The open discussion and questions that followed were both encouraging and illuminating.
I was most impressed by the fortitude of Erin Plummer, who spoke at the forum.
My impression after the meeting was that we have a group of councillors headed by Terry Molloy, who are genuinely interested in this issue and are keen to engage after seeking guidance from the art community.
Some members of the art community let it be known that the council should be showing leadership and should have been more proactive in formulating policy as part of the city planning they have responsibility for.
After listening to some of the strongly voiced the opinions offered by those members I sensed a prickly combative tone, probably born of historic issues, that didn't seem particularly helpful given the circumstances and the need to move forward.
If the politicians are paying lip service to this issue it will become apparent very quickly.
It seems to me that the way ahead is to form a focus group consisting of Councillor Terry Molloy and interested councillors and a group representing the community to work on putting a public art policy together based on the experience and work of Associate Professor Linda Tyler.
With the wonders of modern communication it might be an idea to ask for her guidance during the process.
The Community group could comprise someone with an art background, someone with a knowledge of procedural matters, someone representing local Iwi, an artist who doesn't seek public commissions, and importantly someone representing the young people who will lead the city in the years to come.
'Graffiti Writing' - street art by Ras.1. - Tauranga Harbour Bridge.
Oh the chin wagging and huddled debate that would result over the composition of such a group representing the art community!
It would be good to have new faces and not what could be described as members of our 'art establishment' (good folks who have a long list of busy commitments already) on that focus group.
With a constructive partnership and the will to work together anyone interested in this issue would be keen to see a workable process regarding applications and decisions regarding Tauranga's public art put in place.
Many cities have done this already and there is agreement that a policy and process is long overdue in Tauranga.

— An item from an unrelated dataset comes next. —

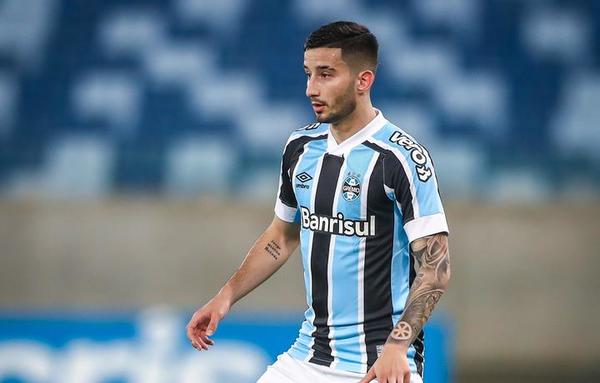 Mathías Villasanti: buen desempeño en sus primeros 90 minutos con el Gremio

This would ensure that quality public art is what Tauranga City is known for and that more public art becomes something for all to enjoy.

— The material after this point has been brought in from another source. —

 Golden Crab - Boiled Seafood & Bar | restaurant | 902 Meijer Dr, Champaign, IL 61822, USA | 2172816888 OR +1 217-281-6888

There was considerable public debate when the first painting of Owen Dippie's 'Renaissance Project' was stopped by opponents of the artwork and Iwi. At the time I did wonder how iwi felt about the popular and very expensive Hairy McLary project soon to be gracing our waterfront.

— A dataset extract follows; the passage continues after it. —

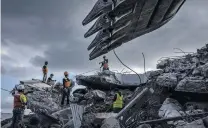  ?? PHOTO: GETTY IMAGES ?? An Indonesian search and rescue team looks for victims at a collapsed mosque following Sunday’s earthquake ion Lombok Island.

Anne Pankhurst and others involved in the 'Renaissance Project' must know that until a public art policy is put in place that project has been effectively put on hold.
Council will regard the project as 'too hot to handle' and will have a safe 'fall back' position until such a policy is in place.
In street art parlance Tauranga's Owen Dippie is a 'character' painter. His talent has to do with the scale of his works executed without the aid of 'gridding' or projection. Like many artists he often works from photographs. Owen is probably New Zealand's top artist in this particular style of street art.
When we consider all the styles of street art artists BMD from Wellington take street art in an entirely different creative direction. The work of these two young artists can be found at http://www..bmdisyourfriend.com/
The position of Owen's well known C.F.Goldie painting opposite the Tauranga Art Gallery has focussed much needed attention on public art and has certainly caused plenty of excitement amongst some of those we employ at our gallery.
The painting may well have done more to introduce young people to the work of Charles Goldie than the gallery ever has.
Unfortunately many young people between the ages of 15 - 25 are completely disengaged with their public gallery at the present time.
Maybe the gallery could offer an exhibition showing the many different types of street art to draw this demographic in.
by Pete Morris (2013).
Pete Morris is an occasional painter and an art lover. He is a freelance writer with a particular interest in promoting the visual arts in Tauranga and the Bay of Plenty.